Statement from the 1. FC Union Berlin Board
DFB Sports Jurisdiction Endangers the Integrity of Sporting Competition

On Friday, 28 February 2025, the DFB Federal Court of Justice, the court of second instance, upheld the ruling of the DFB Sports Court to re-evaluate the match played on on 14 December 2024, between 1. FC Union Berlin and VfL Bochum.
The game had been stopped for several minutes in stoppage time after a lighter thrown from the standing areas grazed the Bochum goalkeeper's head. After extensive consultation with the sporting directors of both sides and the security officers, referee Martin Petersen had decided that there were no grounds for abandoning the game. The game continued with a sporting ‘non-attacking pact’ agreed between the two sides and was eventually ended by the referee with the result unchanged at 1-1.

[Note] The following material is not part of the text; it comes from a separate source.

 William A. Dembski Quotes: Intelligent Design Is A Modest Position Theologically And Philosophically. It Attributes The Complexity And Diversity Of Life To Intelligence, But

The board of 1. FC Union Berlin has issued the following statement on the rulings of the DFB courts:
We would like to make it perfectly clear that throwing objects onto the pitch is anti-social behaviour and unacceptable. The perpetrators must be identified, punished and kept out of stadiums for as long as possible. All of this has been done in the current case: we immediately identified and detained the person who threw the lighter and handed him over to the police before the game continued. The perpetrator was severely punished by us and the longest stadium ban possible in Germany was imposed.

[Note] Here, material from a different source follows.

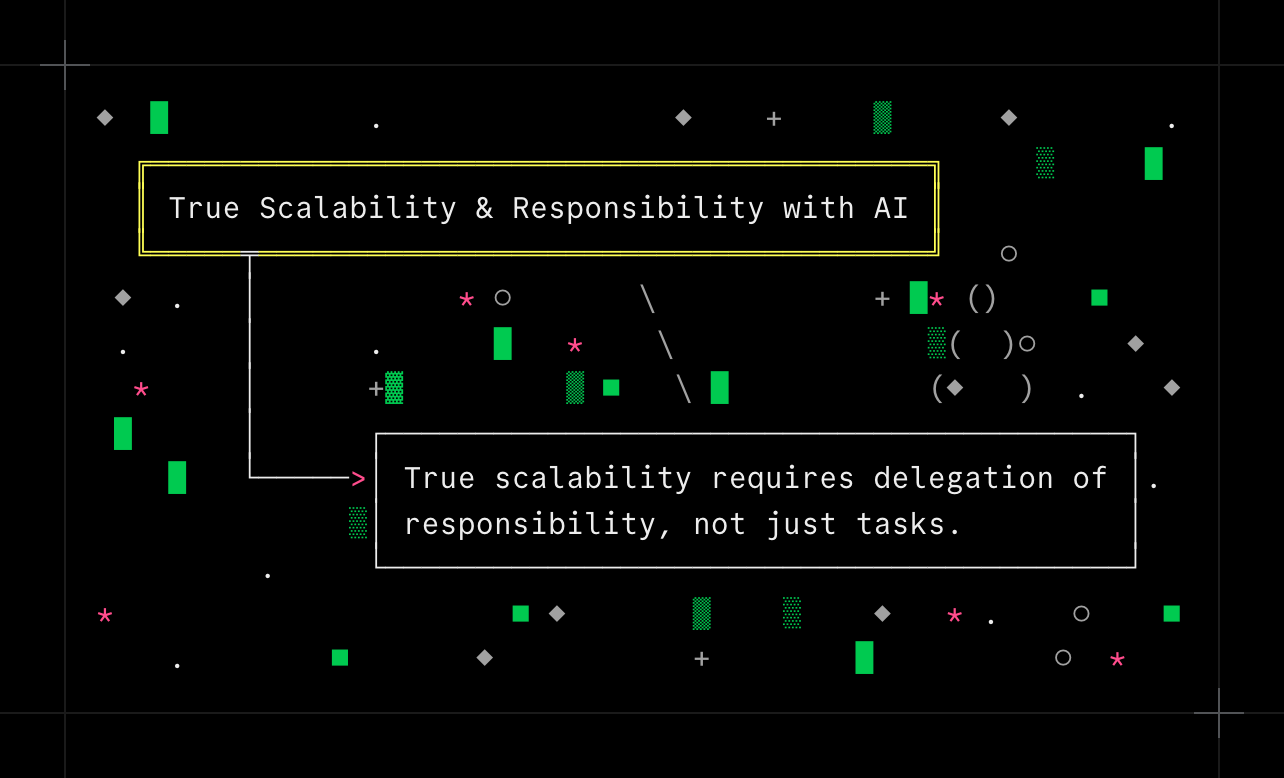 True Scalability & Responsibility with AI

On the pitch, after the throw, there were two teams, both of which were affected by the misconduct of a spectator. One of the teams was weakened because a player could not continue playing. However, this could not have a negative effect because 1. FC Union Berlin’s players did not take advantage of it, no longer attacking the weakened VfL Bochum instead. The game was continued by both teams in a fair and sporting manner, taking into account the special situation, and was duly ended by the referee. Only VfL Bochum themselves can explain why they want to gain a one-sided sporting advantage from this situation, which was equally distressing for both teams.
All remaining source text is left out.